We'll pick the highest p-value from the table, which is for x1=0.953. We will delete the x1 variable (dummy variable) from the table and retrain the model now that we have the highest p-value that is bigger than the SL value. The code for it is as follows:

 
  x_opt = x[:, [0,2,3,4,5]]
  regressor_OLS = sm.OLS(endog = y, exog = x_opt).fit() 
  regressor_OLS.summary() 

backward elimination in machine learning 3

Five variables remain, as shown in the output image. The greatest p-value in these variables is 0.961. As a result, we'll get rid of it in the next iteration.

  • The greatest value now is 0.961 for the x1 variable, which is a dummy variable. As a result, we'll take it out and reassemble the model. The code for it is as follows:

 
  x_opt = x[:, [0,3,4,5]]
  regressor_OLS = sm.OLS(endog = y, exog = x_opt).fit()
  regressor_OLS.summary()

Output:

backward elimination in machine learning 4

The dummy variable(x2) has been deleted from the above output image. And the next highest value is.602, which is still higher than.5, thus it must be eliminated.

  • Now we'll get rid of the Admin spend that's been accumulating. Refit the model using a 602 p-value.
 
  x_opt = x[:, [0,3,4,5]]
  regressor_OLS = sm.OLS(endog = y, exog = x_opt).fit()
  regressor_OLS.summary()

Output:

backward elimination in machine learning 5

The dummy variable(x2) has been eliminated as seen in the above output graphic. The next highest value is.602, which is still more than.5, thus it must be eliminated.

  • Now we'll get rid of the Admin expense. Refit the model using the 602 p-value

 
  x_opt = x[:, [0,3,5]]  
  regressor_OLS=sm.OLS(endog = y, exog = x_opt).fit()  
  regressor_OLS.summary()  

Output:

backward elimination in machine learning 6

Only two variables remain, as shown in the result image above. As a result, only the R&D independent variable is a predictive predictor. As a result, we can now accurately predict using this variable.

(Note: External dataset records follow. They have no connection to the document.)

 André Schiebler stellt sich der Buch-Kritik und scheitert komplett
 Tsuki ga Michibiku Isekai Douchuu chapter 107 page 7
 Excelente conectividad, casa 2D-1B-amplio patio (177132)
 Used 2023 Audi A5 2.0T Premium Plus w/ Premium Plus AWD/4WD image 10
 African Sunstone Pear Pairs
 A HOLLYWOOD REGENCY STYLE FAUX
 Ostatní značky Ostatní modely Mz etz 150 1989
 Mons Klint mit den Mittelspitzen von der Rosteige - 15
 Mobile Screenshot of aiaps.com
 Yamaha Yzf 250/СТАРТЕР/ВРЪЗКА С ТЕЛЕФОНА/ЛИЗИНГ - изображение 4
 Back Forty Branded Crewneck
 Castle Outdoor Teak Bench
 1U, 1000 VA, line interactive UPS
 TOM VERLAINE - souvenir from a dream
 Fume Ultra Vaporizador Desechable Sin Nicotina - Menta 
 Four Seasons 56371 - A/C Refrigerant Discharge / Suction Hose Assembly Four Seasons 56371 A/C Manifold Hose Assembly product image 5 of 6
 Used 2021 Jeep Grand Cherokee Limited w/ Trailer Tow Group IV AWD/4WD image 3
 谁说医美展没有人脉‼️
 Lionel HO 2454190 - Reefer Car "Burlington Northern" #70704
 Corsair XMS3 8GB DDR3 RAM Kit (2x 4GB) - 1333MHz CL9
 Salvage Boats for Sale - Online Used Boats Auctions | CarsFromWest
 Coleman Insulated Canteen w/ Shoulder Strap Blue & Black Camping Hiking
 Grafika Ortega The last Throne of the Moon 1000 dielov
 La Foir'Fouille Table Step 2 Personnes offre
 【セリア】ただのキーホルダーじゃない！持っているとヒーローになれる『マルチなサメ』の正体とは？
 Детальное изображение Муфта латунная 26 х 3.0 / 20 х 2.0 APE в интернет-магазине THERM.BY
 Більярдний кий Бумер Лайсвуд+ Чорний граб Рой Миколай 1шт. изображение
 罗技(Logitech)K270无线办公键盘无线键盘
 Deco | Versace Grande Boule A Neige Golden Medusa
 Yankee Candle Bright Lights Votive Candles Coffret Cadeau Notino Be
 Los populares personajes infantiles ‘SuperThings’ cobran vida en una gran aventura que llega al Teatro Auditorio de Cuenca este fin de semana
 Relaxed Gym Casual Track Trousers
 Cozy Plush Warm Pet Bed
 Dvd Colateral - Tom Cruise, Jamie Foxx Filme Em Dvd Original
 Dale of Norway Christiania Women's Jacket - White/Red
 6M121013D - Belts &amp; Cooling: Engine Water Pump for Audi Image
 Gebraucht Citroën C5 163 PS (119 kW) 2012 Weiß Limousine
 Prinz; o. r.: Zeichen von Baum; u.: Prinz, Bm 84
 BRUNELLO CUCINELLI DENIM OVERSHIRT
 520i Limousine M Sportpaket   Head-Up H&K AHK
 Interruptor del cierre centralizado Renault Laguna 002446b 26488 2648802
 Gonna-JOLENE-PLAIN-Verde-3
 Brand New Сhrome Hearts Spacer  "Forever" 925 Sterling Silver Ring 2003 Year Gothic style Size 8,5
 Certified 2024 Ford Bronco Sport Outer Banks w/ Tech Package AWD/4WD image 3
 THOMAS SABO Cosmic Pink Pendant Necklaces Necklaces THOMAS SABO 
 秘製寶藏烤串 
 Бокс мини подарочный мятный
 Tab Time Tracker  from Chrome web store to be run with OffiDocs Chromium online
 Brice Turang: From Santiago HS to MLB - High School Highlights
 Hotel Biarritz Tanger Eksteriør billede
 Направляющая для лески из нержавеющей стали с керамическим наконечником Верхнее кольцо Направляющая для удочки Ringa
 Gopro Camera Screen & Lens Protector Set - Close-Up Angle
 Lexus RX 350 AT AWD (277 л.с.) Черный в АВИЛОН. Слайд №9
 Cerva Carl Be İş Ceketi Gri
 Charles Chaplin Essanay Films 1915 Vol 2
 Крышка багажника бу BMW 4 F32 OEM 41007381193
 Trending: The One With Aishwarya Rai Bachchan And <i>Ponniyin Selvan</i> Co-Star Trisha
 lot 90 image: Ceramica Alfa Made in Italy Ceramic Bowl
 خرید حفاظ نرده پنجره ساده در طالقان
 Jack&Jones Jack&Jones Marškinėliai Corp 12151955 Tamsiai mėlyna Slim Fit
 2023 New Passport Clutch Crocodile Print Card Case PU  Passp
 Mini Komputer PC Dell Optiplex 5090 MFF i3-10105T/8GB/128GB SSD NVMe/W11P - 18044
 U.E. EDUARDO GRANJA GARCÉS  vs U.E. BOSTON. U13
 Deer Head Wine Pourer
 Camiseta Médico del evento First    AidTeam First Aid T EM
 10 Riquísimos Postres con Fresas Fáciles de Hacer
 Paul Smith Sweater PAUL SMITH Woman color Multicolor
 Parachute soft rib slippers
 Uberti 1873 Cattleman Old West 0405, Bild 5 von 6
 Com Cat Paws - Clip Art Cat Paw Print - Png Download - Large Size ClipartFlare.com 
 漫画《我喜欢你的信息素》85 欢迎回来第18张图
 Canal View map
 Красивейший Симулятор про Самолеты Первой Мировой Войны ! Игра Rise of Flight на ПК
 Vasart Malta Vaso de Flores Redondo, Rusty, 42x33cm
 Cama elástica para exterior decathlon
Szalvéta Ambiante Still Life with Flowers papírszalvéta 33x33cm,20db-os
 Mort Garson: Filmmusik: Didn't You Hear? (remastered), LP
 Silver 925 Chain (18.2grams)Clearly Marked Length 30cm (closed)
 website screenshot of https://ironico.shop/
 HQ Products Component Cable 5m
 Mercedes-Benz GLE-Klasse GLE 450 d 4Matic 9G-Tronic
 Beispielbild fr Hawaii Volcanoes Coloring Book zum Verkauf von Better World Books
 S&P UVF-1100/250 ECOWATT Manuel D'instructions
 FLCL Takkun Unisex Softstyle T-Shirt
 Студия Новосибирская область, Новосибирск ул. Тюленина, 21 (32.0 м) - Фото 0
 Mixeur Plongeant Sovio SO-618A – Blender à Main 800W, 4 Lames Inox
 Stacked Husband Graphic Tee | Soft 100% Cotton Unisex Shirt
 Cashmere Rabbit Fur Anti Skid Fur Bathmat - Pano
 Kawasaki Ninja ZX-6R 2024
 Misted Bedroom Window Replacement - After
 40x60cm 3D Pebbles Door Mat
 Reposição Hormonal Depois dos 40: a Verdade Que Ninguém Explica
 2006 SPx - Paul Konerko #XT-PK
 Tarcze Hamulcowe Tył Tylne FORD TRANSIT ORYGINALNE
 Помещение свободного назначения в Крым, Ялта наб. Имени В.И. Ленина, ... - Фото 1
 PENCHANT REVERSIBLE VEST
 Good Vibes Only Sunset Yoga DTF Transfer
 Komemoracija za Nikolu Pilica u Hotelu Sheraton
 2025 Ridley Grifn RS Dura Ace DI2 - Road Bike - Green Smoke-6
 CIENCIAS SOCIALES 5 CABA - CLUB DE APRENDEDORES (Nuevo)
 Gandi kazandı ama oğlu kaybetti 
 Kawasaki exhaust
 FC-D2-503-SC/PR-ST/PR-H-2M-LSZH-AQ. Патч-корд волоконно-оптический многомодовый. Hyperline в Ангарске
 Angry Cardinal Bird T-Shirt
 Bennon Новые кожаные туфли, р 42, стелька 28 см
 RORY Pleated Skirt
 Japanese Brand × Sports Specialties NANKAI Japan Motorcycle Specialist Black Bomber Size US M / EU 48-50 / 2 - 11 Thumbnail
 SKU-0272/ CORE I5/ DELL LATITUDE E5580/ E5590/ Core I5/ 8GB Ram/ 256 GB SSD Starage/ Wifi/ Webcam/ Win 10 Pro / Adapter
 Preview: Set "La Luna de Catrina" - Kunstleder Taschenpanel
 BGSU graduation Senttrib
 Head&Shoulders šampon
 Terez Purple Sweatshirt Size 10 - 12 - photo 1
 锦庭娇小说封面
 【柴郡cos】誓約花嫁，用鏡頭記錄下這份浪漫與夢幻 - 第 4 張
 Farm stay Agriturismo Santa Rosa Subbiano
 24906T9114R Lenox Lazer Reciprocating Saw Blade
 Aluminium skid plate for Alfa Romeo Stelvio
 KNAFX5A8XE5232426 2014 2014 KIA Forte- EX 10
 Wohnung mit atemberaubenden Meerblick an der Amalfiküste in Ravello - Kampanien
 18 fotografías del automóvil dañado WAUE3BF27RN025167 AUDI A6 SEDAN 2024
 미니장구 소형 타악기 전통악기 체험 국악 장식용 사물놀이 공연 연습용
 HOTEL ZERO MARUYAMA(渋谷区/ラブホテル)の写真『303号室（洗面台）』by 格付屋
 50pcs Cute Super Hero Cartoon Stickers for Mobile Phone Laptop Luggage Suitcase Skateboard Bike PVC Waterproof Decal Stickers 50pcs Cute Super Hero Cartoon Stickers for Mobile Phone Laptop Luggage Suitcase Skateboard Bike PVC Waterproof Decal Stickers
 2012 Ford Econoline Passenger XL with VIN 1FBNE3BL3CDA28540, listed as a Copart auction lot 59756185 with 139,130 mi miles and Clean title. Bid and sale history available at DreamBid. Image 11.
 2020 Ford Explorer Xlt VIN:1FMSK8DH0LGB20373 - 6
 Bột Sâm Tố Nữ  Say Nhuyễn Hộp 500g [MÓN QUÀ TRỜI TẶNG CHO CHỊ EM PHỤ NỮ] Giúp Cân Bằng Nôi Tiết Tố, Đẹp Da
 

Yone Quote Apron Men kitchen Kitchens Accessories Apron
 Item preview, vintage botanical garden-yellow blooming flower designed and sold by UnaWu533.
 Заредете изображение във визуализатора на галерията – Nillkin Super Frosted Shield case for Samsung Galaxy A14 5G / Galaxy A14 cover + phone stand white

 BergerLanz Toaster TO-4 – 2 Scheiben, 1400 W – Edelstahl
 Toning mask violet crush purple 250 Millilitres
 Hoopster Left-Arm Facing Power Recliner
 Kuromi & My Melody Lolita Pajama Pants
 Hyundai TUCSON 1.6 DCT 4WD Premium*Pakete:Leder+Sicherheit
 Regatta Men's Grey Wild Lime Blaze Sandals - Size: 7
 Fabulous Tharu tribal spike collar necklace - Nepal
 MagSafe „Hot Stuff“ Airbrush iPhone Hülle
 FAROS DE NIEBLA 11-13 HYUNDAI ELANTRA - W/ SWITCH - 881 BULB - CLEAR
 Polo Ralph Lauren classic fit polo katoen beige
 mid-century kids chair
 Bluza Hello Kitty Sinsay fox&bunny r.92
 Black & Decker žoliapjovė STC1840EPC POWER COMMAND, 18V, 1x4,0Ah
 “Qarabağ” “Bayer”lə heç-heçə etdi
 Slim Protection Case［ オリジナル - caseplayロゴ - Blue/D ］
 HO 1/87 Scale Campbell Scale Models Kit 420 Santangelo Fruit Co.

Estimating the performance:

When we applied all of the features variables in the previous topic, we calculated the train and test score of the model. We'll now examine the score using only one feature variable (R&D spend). Now, here's what our data looks like:

backward elimination in machine learning 7

Below is the code for Building Multiple Linear Regression model by only using R&D spend:


    #importing libraries  
    import numpy as nm  
    import matplotlib.pyplot as mtp  
    import pandas as pd  
  
    #importing datasets  
    data_set = pd.read_csv('50_CompList1.csv')  
  
    #Extracting Independent and dependent Variable  
    x_BE = data_set.iloc[:, :-1].values  
    y_BE = data_set.iloc[:, 1].values  
  
    #Splitting the dataset into training and test set.  
    from sklearn.model_selection import train_test_split  
    x_BE_train, x_BE_test, y_BE_train, y_BE_test = train_test_split(x_BE, y_BE, test_size= 0.2, random_state=0)  
  
    #Fitting the MLR model to the training set:  
    from sklearn.linear_model import LinearRegression  
    regressor= LinearRegression()  
    regressor.fit(nm.array(x_BE_train).reshape(-1,1), y_BE_train)  
  
    #Predicting the Test set result;  
    y_pred = regressor.predict(x_BE_test)  
  
    #Cheking the score  
    print('Train Score: ', regressor.score(x_BE_train, y_BE_train))  
    print('Test Score: ', regressor.score(x_BE_test, y_BE_test))       

Output:

After executing the above code, we will get the Training and test scores as:

 
  Train Score: 0.9449589778363044  
  Test Score: 0.9464587607787219  

The training score is 94% accurate, and the test score is equally 94% accurate, as can be shown. There is a.00149 difference between the two scores. This number is quite similar to the previous value, 0.0154, where all variables were included.

Instead of using four variables, we just used one independent variable (R&D spend). As a result, our model is now both simple and accurate.